Web page caption snippets

========================================

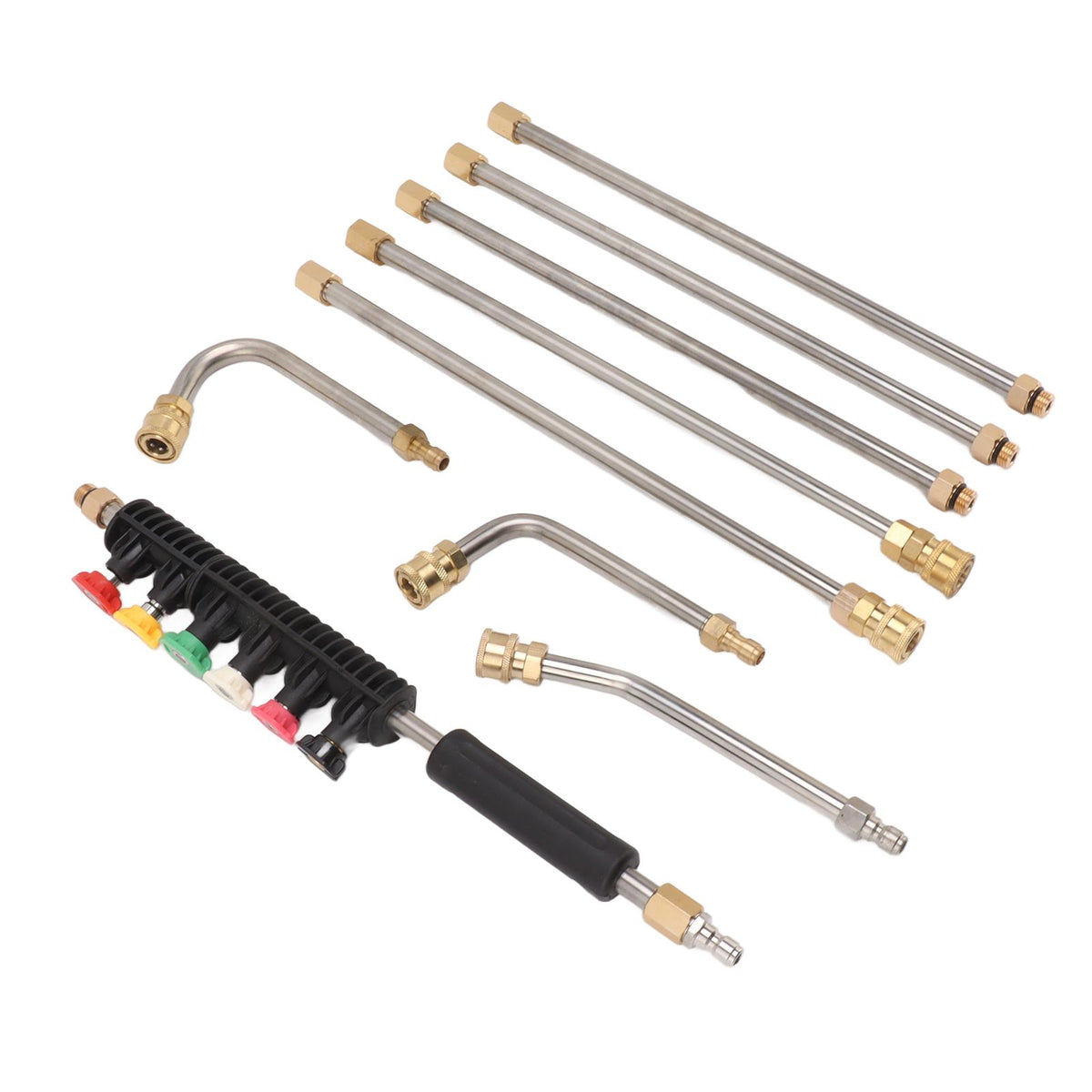 Pressure Washer Extension Wand 5 Straight Rod 3 Curve Rod Set Power Washer Lance with 6 Nozzles 1/4in Quick Connect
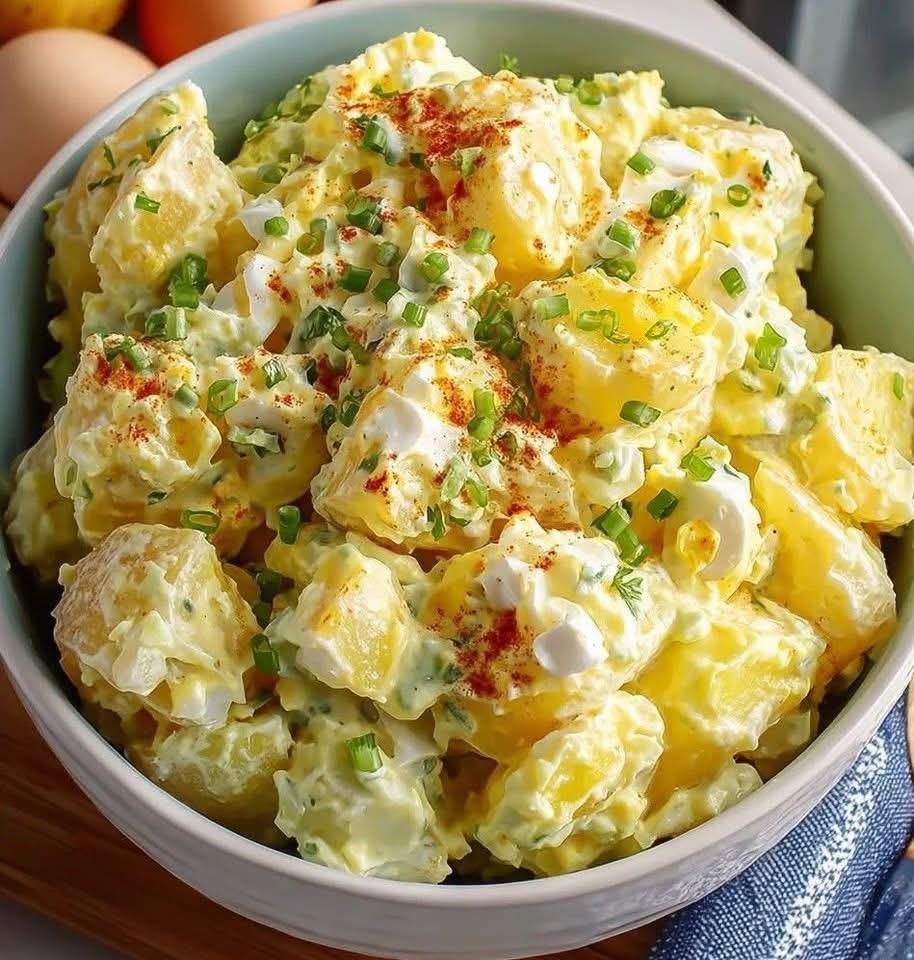 Let's have Potato 🥔 Salad 🥗 for lunch:

INGREDIENTS:

1. 3 lbs. starchy 🥔 potatoes(Russet or Yukon gold)

2. 1/2 🥤 cupchopped celery

3. 5 hard-boiled 🥚eggs (peeled and chopped)

4. 1/4 cup finely chopped white 🌰 onion

5. 1 🥤 cup mayonnaise

6. 1/4 cup granulated sugar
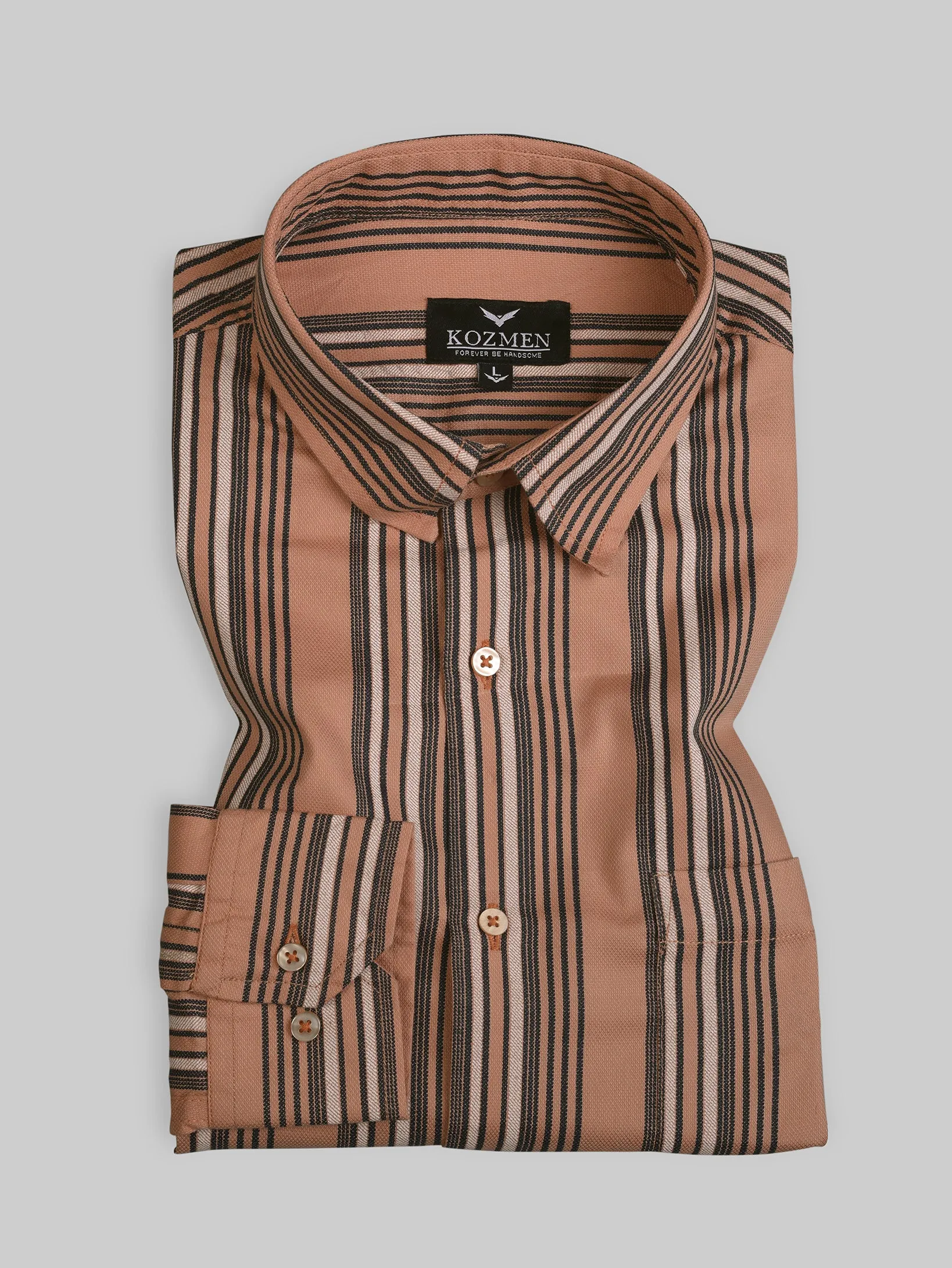 Badami Color Barcode Striped Bid Eye Print Cotton Shirt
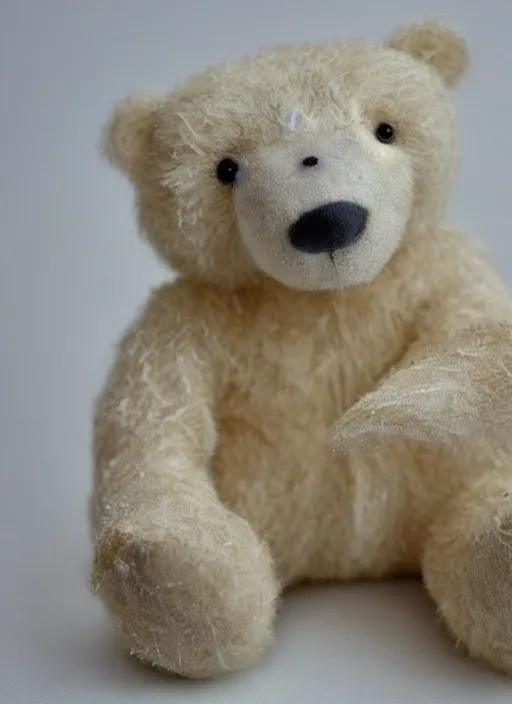 Prompt: a teddy bear polar bear, well - loved, worn, threadbare, pointed nose, button for an eye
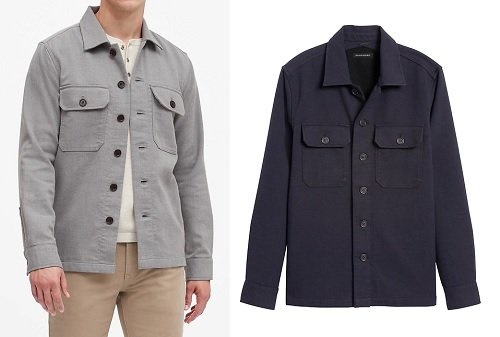 Veste-chemise slim à double tissage BR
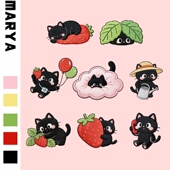 草莓黑猫自粘布贴衣服刺绣时尚 小补丁贴羽绒服裤 子卫衣破洞修补贴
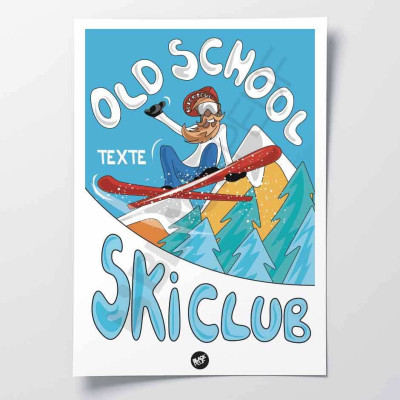 Old school ski club blue and red patch wall poster for decoration. Old school ski club blue and red patch wall poster for decoration.
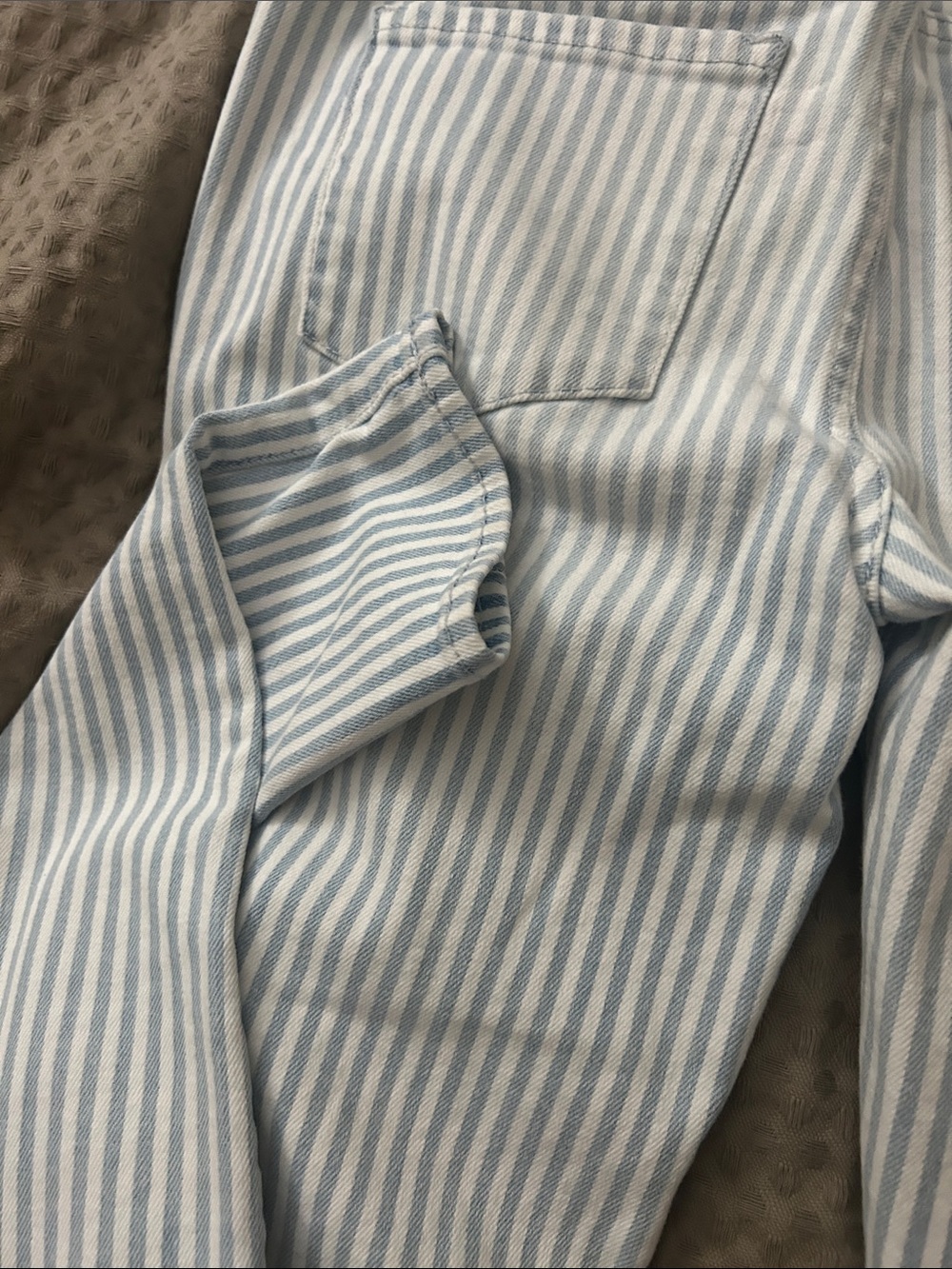 Articles Of Society Blue & White Striped Jeans - High Rise Detail - Picture 6 of 8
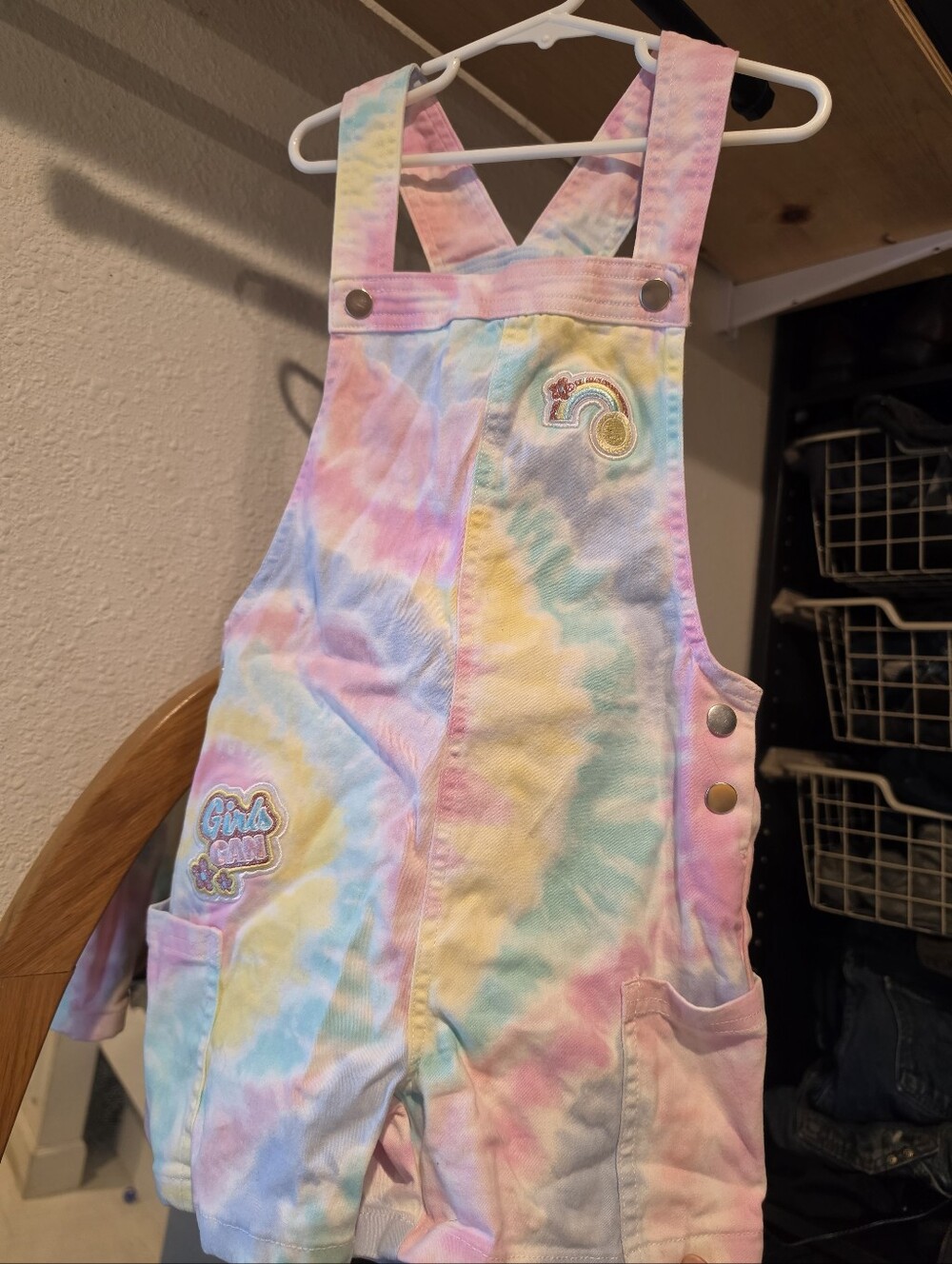 365 Kids Sz 7 Girls Tie Dye Overall Shorts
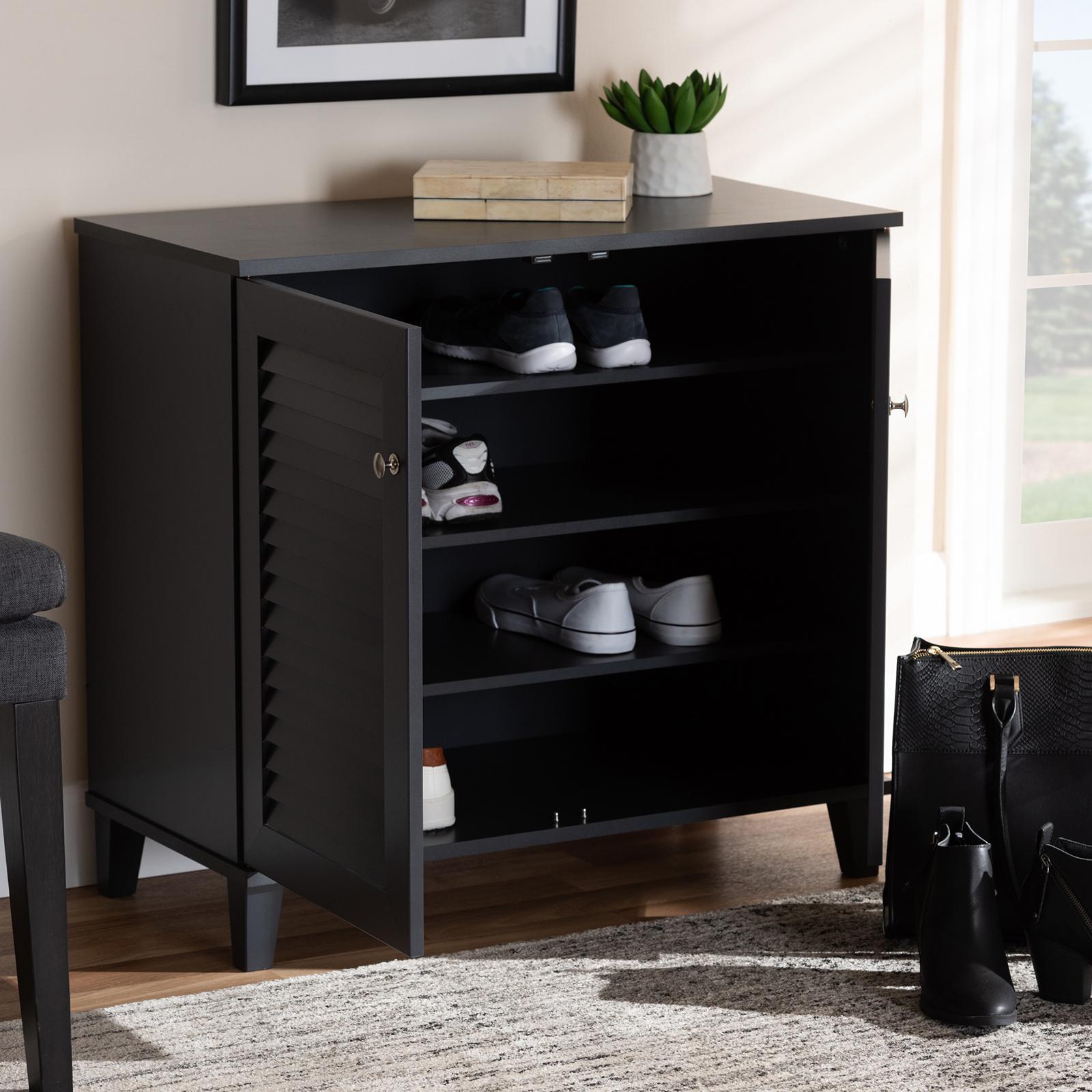 Baxton Studio, Coolidge 4-Shelf Shoe Storage Cabinet | Zola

========================================

Your task
Copy the data precisely. Skip every picture.

Exercise answer
 Pressure Washer Extension Wand 5 Straight Rod 3 Curve Rod Set Power Washer Lance with 6 Nozzles 1/4in Quick Connect
 Let's have Potato 🥔 Salad 🥗 for lunch:

INGREDIENTS:

1. 3 lbs. starchy 🥔 potatoes(Russet or Yukon gold)

2. 1/2 🥤 cupchopped celery

3. 5 hard-boiled 🥚eggs (peeled and chopped)

4. 1/4 cup finely chopped white 🌰 onion

5. 1 🥤 cup mayonnaise

6. 1/4 cup granulated sugar
 Badami Color Barcode Striped Bid Eye Print Cotton Shirt
 Prompt: a teddy bear polar bear, well - loved, worn, threadbare, pointed nose, button for an eye
 Veste-chemise slim à double tissage BR
 草莓黑猫自粘布贴衣服刺绣时尚 小补丁贴羽绒服裤 子卫衣破洞修补贴
 Old school ski club blue and red patch wall poster for decoration. Old school ski club blue and red patch wall poster for decoration.
 Articles Of Society Blue & White Striped Jeans - High Rise Detail - Picture 6 of 8
 365 Kids Sz 7 Girls Tie Dye Overall Shorts
 Baxton Studio, Coolidge 4-Shelf Shoe Storage Cabinet | Zola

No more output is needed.